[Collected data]
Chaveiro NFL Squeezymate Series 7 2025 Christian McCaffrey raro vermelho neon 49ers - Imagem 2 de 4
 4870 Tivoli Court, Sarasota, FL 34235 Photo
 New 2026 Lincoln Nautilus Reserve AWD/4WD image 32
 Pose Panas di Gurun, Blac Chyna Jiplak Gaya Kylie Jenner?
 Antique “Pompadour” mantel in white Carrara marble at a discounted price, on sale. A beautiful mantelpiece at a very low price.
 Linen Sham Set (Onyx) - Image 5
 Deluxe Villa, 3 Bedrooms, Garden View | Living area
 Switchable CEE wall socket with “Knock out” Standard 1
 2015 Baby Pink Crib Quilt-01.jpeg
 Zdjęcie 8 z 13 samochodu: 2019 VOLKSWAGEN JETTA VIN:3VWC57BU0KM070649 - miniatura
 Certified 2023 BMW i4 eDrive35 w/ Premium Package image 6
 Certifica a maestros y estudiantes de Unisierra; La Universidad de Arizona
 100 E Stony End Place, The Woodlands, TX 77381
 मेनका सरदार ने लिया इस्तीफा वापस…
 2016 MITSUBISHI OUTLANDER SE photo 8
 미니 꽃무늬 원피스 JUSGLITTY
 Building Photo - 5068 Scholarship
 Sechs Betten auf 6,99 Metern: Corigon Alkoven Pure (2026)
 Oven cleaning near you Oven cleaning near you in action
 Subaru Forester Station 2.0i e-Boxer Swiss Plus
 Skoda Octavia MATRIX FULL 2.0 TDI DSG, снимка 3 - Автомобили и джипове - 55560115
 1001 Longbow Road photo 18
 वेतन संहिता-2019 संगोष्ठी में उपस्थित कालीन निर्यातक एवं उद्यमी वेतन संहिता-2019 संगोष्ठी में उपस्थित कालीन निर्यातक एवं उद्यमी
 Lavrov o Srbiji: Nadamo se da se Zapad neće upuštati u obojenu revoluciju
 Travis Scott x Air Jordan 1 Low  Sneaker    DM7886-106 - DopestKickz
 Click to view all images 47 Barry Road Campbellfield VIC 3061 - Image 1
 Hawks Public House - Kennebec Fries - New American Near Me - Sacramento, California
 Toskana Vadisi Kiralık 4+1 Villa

▸ **Task statement**
Retype the lines from the one containing "Oven cleaning near you Oven" to the last line above. Change nothing and include no others.

▸ **Your solution**
 Oven cleaning near you Oven cleaning near you in action
 Subaru Forester Station 2.0i e-Boxer Swiss Plus
 Skoda Octavia MATRIX FULL 2.0 TDI DSG, снимка 3 - Автомобили и джипове - 55560115
 1001 Longbow Road photo 18
 वेतन संहिता-2019 संगोष्ठी में उपस्थित कालीन निर्यातक एवं उद्यमी वेतन संहिता-2019 संगोष्ठी में उपस्थित कालीन निर्यातक एवं उद्यमी
 Lavrov o Srbiji: Nadamo se da se Zapad neće upuštati u obojenu revoluciju
 Travis Scott x Air Jordan 1 Low  Sneaker    DM7886-106 - DopestKickz
 Click to view all images 47 Barry Road Campbellfield VIC 3061 - Image 1
 Hawks Public House - Kennebec Fries - New American Near Me - Sacramento, California
 Toskana Vadisi Kiralık 4+1 Villa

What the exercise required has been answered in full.